Under fire, information minister clarifies change in passport purely technical, does not mean shift in policy towards Israel.

Bangladesh rules out establishing diplomatic ties with Israel

Bangladesh on Monday ruled out establishing diplomatic relations with Israel amid widespread criticism for a recent change to its passports.

Citing the need to uphold international standards, the government recently removed the words “this passport valid except for Israel.”

Information Minister Hasan Mahmud told reporters in the capital Dhaka that the recent “change in the passport was made in line with international law, and there is nothing for Israel to rejoice in this.”

He said that no matter what the passports say, mutual visits are banned.

“We don’t have any diplomatic relations with Israel and this will remain the same in the future. Israel will be banned or closed for Bangladeshi citizens and it will be the same for the people with Israeli passports for traveling to Bangladesh,” he said.

He also reiterated Bangladesh’s stance on the Palestinian people, saying that its position on Israel has become more integrated with the recent aggression against innocent Palestinians.
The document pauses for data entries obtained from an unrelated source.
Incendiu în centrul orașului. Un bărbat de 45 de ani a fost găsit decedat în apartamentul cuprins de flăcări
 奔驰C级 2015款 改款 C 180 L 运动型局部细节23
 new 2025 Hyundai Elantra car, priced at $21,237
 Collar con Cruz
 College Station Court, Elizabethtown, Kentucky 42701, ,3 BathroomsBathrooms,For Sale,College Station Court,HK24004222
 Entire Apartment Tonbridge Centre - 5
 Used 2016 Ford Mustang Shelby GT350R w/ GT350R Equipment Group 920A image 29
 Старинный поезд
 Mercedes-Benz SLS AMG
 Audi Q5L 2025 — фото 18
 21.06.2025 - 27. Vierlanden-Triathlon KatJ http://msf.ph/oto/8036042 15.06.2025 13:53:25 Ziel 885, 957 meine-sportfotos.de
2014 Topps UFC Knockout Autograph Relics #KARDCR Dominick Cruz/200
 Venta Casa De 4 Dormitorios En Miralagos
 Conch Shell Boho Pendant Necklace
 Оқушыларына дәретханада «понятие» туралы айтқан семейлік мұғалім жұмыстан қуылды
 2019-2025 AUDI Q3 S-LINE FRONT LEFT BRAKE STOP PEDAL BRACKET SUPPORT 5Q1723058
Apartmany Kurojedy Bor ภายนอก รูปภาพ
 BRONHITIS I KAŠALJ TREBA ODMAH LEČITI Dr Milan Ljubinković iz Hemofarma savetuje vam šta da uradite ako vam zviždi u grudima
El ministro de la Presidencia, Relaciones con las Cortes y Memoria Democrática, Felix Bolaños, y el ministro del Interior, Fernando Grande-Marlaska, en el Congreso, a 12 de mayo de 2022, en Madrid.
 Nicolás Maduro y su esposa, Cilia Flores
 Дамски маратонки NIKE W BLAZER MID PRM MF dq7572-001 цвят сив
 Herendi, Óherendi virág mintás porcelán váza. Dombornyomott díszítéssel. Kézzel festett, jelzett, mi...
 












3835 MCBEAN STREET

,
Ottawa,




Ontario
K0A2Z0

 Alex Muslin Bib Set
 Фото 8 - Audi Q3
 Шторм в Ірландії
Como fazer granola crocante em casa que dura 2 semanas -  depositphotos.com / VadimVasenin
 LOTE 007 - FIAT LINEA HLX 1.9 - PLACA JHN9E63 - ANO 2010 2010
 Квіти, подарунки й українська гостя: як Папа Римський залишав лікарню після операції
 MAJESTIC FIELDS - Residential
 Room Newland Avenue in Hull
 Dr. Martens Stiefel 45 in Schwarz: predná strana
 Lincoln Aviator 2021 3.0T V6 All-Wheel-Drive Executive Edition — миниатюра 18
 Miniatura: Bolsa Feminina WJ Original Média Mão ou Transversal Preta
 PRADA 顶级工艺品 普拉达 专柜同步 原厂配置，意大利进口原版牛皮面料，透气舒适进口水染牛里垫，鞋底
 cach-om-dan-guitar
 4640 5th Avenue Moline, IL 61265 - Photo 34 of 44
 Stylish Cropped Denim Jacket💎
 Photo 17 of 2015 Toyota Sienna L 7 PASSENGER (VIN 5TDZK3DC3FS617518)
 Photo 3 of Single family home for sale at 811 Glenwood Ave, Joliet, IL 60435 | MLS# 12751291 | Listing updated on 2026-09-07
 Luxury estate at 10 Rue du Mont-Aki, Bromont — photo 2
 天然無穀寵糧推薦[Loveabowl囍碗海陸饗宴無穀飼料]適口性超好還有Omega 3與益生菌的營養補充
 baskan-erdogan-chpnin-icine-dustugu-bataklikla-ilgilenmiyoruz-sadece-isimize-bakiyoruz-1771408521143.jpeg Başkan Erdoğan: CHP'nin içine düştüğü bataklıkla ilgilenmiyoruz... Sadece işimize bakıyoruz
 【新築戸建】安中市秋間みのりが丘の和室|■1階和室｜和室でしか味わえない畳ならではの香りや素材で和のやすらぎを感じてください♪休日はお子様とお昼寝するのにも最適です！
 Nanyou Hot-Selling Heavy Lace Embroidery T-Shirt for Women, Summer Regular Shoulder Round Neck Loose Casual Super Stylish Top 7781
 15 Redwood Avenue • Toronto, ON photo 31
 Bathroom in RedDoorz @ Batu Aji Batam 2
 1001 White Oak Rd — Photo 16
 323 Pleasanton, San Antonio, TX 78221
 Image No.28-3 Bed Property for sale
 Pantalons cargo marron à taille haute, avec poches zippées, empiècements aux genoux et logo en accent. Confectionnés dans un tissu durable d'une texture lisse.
Since the South Asian Muslim majority country came into being in 1971, it has openly affirmed its position in favor of Palestine and against the Israeli oppression in the occupied Palestinian territories.

Meanwhile, the Secretary General of the country's main opposition Bangladesh Nationalist Party (BNP), Mirza Fakhrul Islam Alamgir, called the government's decision to remove the words "Israel" from passports an "unprincipled position."

At a press conference, he claimed that the government changed the travel document ban at a time when Israeli forces were brutally attacking Palestinians.

He said the government made the changes to appease "external forces."

Passport change

The deletion of the words "this passport valid except in Israel" had sparked criticism, including on social media, and outrage mounted following a welcoming tweet from the Israeli Foreign Ministry's head for Asia and the Pacific.

The Foreign Ministry had to issue a statement confirming its stance in favor of Palestine and that there will be no change in its foreign policy for Israel.

During Israel's latest attacks on Palestinians, Bangladesh Prime Minister Sheikh Hasina and Foreign Minister AK Abdul Momen reaffirmed their country's support for the legitimate Arab struggle and condemned Tel Aviv for bombing civilians in Gaza.